AT&T’s Mexico Commitment
AT&T CEO Randall Stephenson met with Mexican President Enrique Pena Nieto on Thursday and announced that the company would be investing approximately $3 billion to bring the new AT&T network up to global standards (full announcement here). Contained in the announcement are some specific milestones that AT&T will achieve:
- While the investment will cover 100 million people (roughly 5/6th of the country) by the end of 2018, 75 million (62% of the country) will have LTE by the end of 2016. As we have seen with US network development, the metros are relatively easy – it’s the highways and more remote towns that can take a lot of time.
- In a page out of the early days of US mobile development, AT&T will offer its Mexico customers attractive US roaming packages and also allow customers to use their community minutes to call from the US to Mexico (my understanding is that unlimited SMS will be included in new plan structures.
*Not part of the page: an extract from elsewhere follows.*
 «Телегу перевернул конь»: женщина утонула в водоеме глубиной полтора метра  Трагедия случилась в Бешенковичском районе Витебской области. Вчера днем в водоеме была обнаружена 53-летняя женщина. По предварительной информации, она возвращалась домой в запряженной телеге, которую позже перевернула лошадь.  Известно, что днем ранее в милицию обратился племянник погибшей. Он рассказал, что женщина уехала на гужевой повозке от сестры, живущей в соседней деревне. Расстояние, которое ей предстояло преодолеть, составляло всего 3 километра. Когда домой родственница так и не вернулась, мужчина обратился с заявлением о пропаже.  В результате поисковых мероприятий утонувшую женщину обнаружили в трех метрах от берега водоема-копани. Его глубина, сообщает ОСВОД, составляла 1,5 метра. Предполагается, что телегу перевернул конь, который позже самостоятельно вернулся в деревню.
This would place them on a more competitive front with Latino-focused MVNOs).
- AT&T is making a strong commitment to revamp customer service and diversity programs to improve the lives of each employee and make AT&T Mexico one of the most desired places to work.
Bottom line: AT&T has created a different coverage map which will make them more competitive. Entering as the number two provider, they will create a calling community of nearly 120 million people. This is consistent with AT&T’s strategy to be an integrated communications provider with both wireline and wireless products and services.
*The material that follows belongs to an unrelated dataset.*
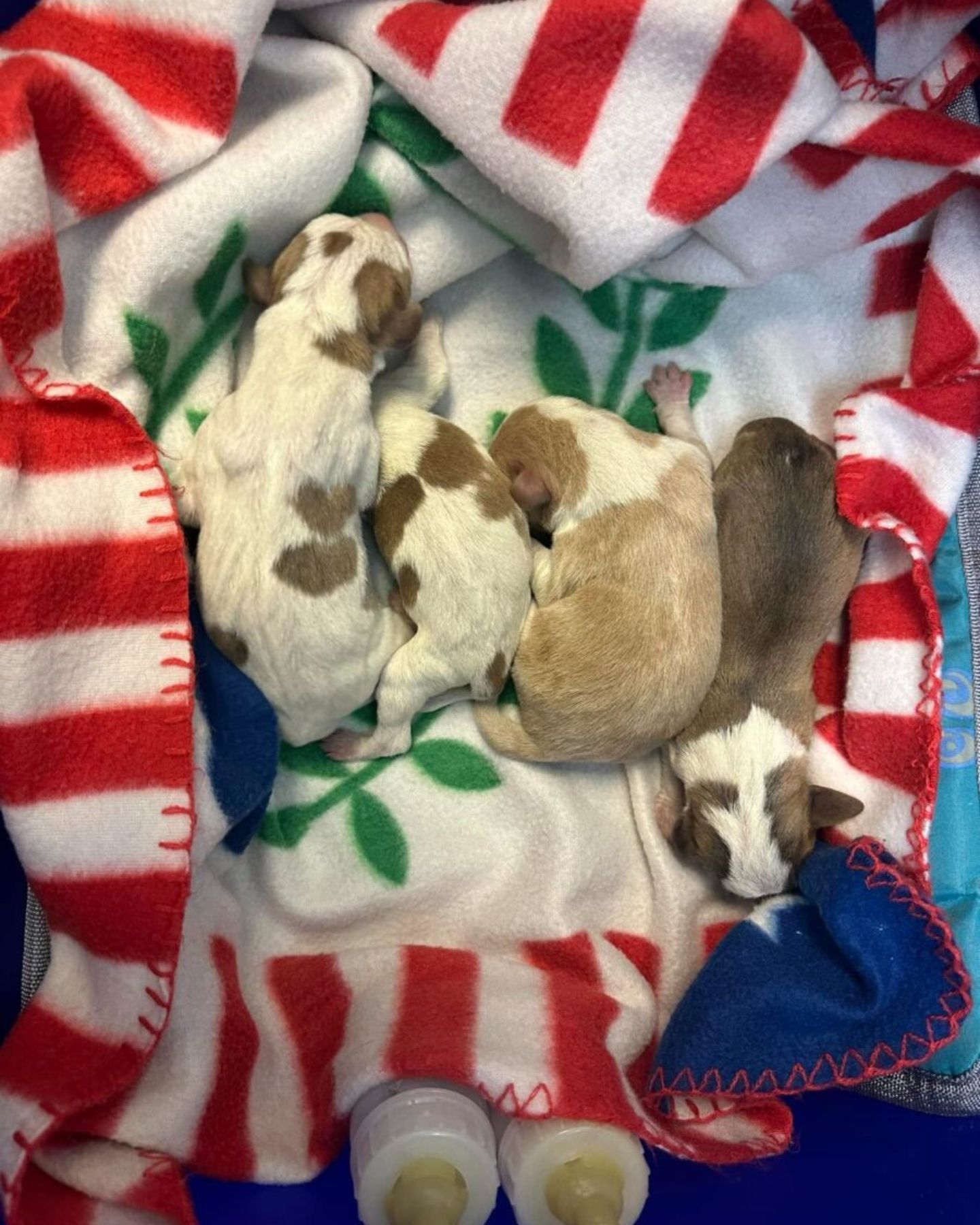 rescued puppies lying on a blanket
Let the FCC Complaints Begin!
Those of you who are long-time readers of this column know that the recent Open Internet regulations represent an open door for redefinitions of peering and government oversight of network engineering practices. This process received its first trial this week with the informal complaint of Commercial Network Services (CNS), a Nevada-based corporation operating data centers in Los Angeles, London, and New York City, against Time Warner Cable (TWC), one of several Broadband Internet Access Service providers in the region.
To be brief, the complaint requests that the FCC mandate that TWC change where they peer and the size of their peering port with CNS. One of the websites in question (see picture nearby) is called www.sundiegolive.com which features live webcam views of various parts of San Diego. Note: The popular web statistics gathering website Alexa currently estimates that sundiegolive is the 373,978th most popular website in the United States (Commercial Network Services was recently ranked 220,585th in the US). This site likely gets a few hundred unique visitors per day. According to Alexa, the average time a user stays on the site is just under 2 minutes.
CNS believes that Time Warner Cable is violating the Open Internet rules for the following reason (this from their informal complaint letter to the FCC dated June 22, 2015):
By refusing to accept the freely available direct route to the edge-provider of the consumers’ choosing, TWC is unnecessarily increasing latency and congestion between the consumer and the edge provider by instead sending traffic through higher latency and routinely congested transit routes. This is a default on their promise to the BIAS consumer to deliver to the edge and make arrangements as necessary to do that.
Clearly, this is not an issue of site access (some traffic is getting through), but speeds that are delivered to Time Warner Cable customers, particularly for sundiegolive’s newly launched High Definition (2 Mbps per screen) / Multi-screen views (12 Mbps per screen) of San Diego. CNS would like TWC to connect at three common peering sites for free – Time Warner points to their peering policy (see here) which has certain rules and regulations.
While peering policies are sometimes accused of being shrouded in a cloak of complexity, in fact, as we have explained in this column several times, they are anything but. The Internet was established on the premise that networks would avoid the costly and dispute-ridden construct of voice networks, which charge intermediate backbones for originating and terminating traffic. The common rule/guideline is that networks of similar size and scope, regardless of when they were established, should exchange traffic at mutually agreed to points for free. There are exceptions made (Cox Communications, another SoCal cable company, appears to have made one for sundiegolive), but TWC has chosen to stick to their policy (despite the threats made by CNS’ CEO, who says in an email attached to the complaint, “I filled something like this out before for TWC. Clearly, our network is more than capable of peering with yours and I intend to prove to the FCC that anything to the contrary from TWC is only a ploy to unreasonably demand paid peering. I know they are itching to get into TWC business so I’m sure it will be good enough for them”).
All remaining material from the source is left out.